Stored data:
----

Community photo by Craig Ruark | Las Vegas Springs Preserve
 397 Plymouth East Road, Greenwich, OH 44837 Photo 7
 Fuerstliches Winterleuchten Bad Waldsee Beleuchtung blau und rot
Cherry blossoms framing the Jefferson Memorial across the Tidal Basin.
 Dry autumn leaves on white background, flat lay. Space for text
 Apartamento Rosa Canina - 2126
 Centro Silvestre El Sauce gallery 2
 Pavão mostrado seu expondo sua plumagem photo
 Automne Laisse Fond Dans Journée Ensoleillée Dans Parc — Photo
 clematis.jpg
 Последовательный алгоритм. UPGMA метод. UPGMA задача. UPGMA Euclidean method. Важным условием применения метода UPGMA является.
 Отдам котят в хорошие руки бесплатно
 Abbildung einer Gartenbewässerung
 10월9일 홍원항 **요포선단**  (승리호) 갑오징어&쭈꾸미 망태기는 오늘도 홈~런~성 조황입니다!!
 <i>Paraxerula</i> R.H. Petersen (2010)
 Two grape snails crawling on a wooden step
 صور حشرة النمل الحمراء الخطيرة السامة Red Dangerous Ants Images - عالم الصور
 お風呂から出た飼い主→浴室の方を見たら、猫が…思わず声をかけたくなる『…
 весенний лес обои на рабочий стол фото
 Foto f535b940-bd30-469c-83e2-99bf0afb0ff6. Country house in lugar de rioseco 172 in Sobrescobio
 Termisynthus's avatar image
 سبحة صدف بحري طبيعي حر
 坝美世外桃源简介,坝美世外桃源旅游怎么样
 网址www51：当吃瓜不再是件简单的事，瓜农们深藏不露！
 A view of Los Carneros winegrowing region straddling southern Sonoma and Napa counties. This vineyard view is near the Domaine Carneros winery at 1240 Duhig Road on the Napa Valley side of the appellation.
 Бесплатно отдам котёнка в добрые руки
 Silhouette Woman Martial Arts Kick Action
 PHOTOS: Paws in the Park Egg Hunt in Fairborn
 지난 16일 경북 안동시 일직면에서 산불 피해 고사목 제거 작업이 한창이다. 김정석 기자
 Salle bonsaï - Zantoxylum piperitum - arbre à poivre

----

§ WORK INSTRUCTIONS:
Where a line above holds the string "руки", copy that line.

§ SOLUTION TO THE PROBLEM:
 Отдам котят в хорошие руки бесплатно
 Бесплатно отдам котёнка в добрые руки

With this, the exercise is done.